That's not to say it isn't meaningful, though.

The Los Angeles Dodgers' superstar clubbed the 300th long ball of his MLB career on Tuesday while leading off against Rockies starter Michael Lorenzen in the bottom of the first inning.

SHOHEI OHTANI'S 300th MLB HOME RUN! pic.twitter.com/GbNlyPbM07

— MLB (@MLB) July 8, 2026

Ohtani is the 170th MLB player to join the 300-homer club, and he does so not long after his teammate Mookie Betts. You can probably guess how many other players in that group also have 750 career strikeouts on the mound.


Ohtani got to 300 homers in his ninth MLB season, though with only 47 of them in the first three. He averaged 46.6 homers per season from 2021 to 2025, a span of time that saw him post the first 50-homer, 50-stolen-base season in MLB history in 2024. He also won four MVP awards in that span, a career total surpassed only by Barry Bonds.

This season is shaping up to be another all-timer, with Ohtani the overwhelming favorite to win NL MVP honors for a third straight year and a dark-horse candidate to win his first Cy Young Award.

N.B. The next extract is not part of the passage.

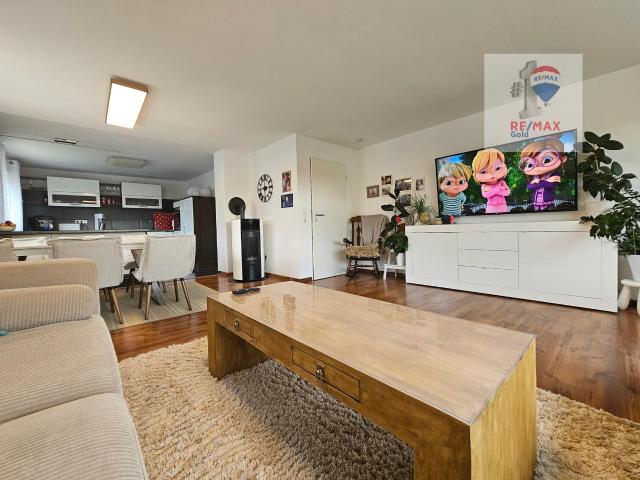RESERVIERT + 994 m² gr. Grundstück + Haus mit Einliegerwohnung mit ca. 212 m² Wfl. und mit Erweiterungspotenzial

Shohei Ohtani's career goes well beyond 300 homers​


The slow start to Ohtani's MLB career feels very long ago. He has turned into a singular superstar in MLB, with an international reach that no other player can match and a résumé that would've been considered comical if presented as a to-do list in 2018.

Having turned 32 on Sunday, Ohtani has shown few signs of slowing down. His $700 million contract, a windfall that once shocked baseball, has become perhaps the most valuable piece of paper in sports, with the Dodgers bringing in and using enough revenue that they're getting name-checked in MLB's public materials calling for a salary cap. Ohtani is also a national hero in Japan, where his level of celebrity surpasses anything seen in the U.S.

All of that is to reiterate that we're watching one of the most impactful careers in MLB history. It will be years before we fully understand the effects of Shohei Ohtani, but for now, he's still got plenty of homers to go.